Um aspecto relevante foi a reunião de urgência do Fed, já que colocou sobre a mesa a possibilidade de uma intervenção de sua parte. “Nesse sentido, os futuros de juros de curto prazo indicam que a autoridade monetária dos EUA cortará os juros quatro vezes este ano. Em nossa opinião, essa reação nos parece improvável, pois o Fed não poderá assumir um papel tão ativo diante de uma inflação que poderia atingir níveis acima de 4%, devido ao efeito das tarifas”, acrescentam os especialistas da entidade espanhola.

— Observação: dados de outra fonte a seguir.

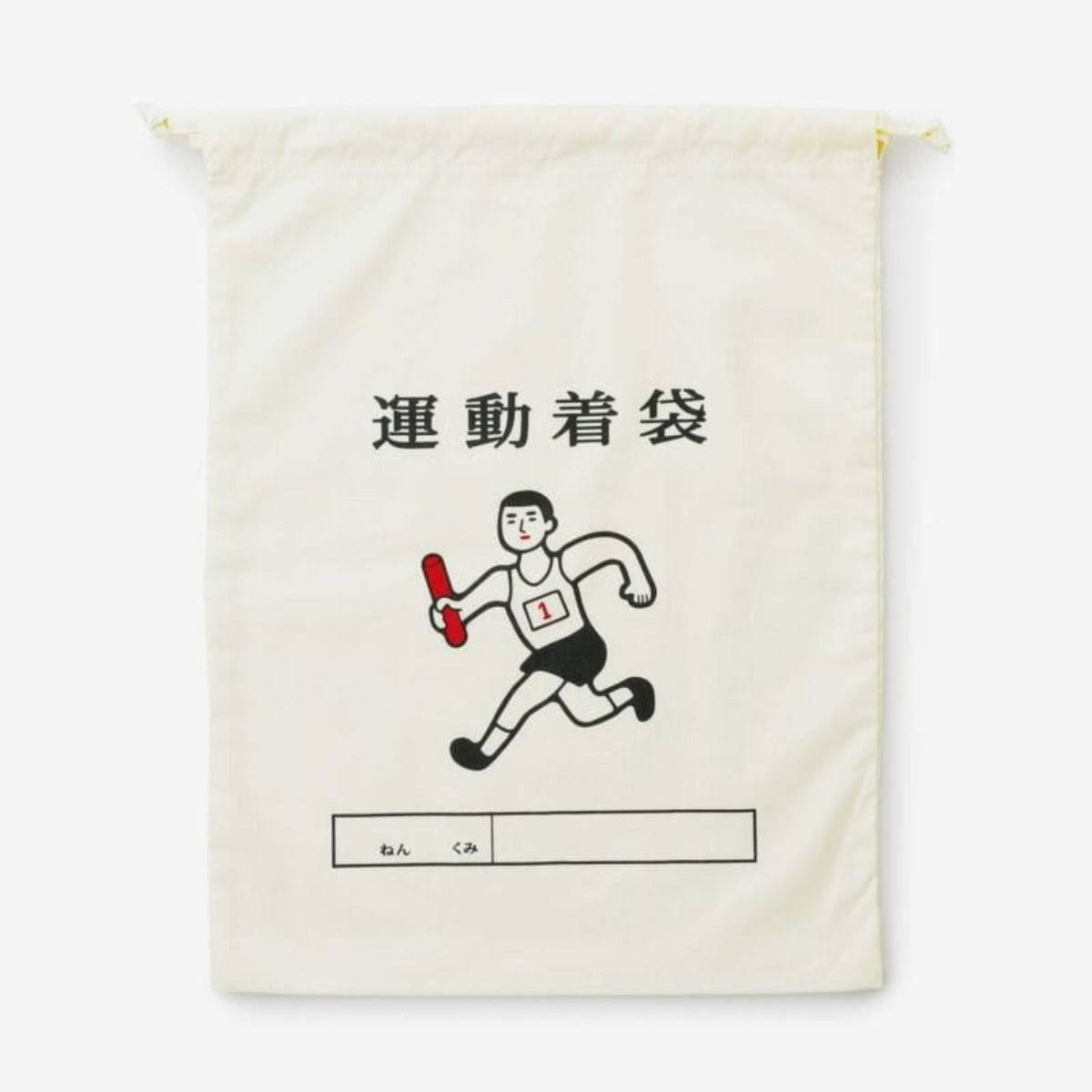 Drawstring Bag | Large - School Lunch Bag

Segundo a equipe do MFS Market Insights, os mercados globais não haviam experimentado um nível de estresse e volatilidade como esse desde os primeiros dias da pandemia em 2020. “Os rendimentos dos títulos do governo caíram consideravelmente, refletindo uma forte demanda por ativos de refúgio. Os rendimentos dos títulos do Tesouro dos EUA a 10 anos agora rondam 4%, após caírem cerca de 20 pontos base desde 2 de abril. Da mesma forma, os rendimentos dos títulos alemães (bunds) a 10 anos caíram na mesma proporção. Enquanto isso, os mercados de crédito começaram a mostrar sinais de tensão, particularmente nos spreads de high yield, que se ampliaram cerca de 85 pontos base nos EUA e 60 na Europa desde a última quarta-feira. Nos mercados de divisas, o iene japonês e o franco suíço mostraram um melhor desempenho nos últimos dias, graças ao seu caráter defensivo. Por fim, nas commodities, os preços do petróleo sofreram uma correção significativa, caindo para níveis baixos de 60 dólares, devido à sua vulnerabilidade a um choque de aversão ao risco global”, resumem no MFS IM.

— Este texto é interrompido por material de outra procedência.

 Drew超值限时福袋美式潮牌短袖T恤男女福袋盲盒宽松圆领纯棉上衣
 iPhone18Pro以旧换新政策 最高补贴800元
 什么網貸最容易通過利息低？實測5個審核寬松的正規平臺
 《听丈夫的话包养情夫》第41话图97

Outro aspecto chamativo desses últimos dias é que, como destacam no Bloomberg, cada vez mais multimilionários estão rompendo com o presidente Donald Trump, ou ao menos com sua política tarifária. “Ken Griffin, mais conhecido fora do mundo financeiro como o homem que pagou 45 milhões de dólares por um dinossauro, afirmou que as últimas tarifas são um ‘enorme erro de política’ e equivalem a um forte imposto para as famílias americanas. E Larry Fink, CEO da BlackRock, foi igualmente direto ao dizer que a maioria dos líderes empresariais lhe assegura que os EUA já estão em recessão”, mencionam como principais exemplos.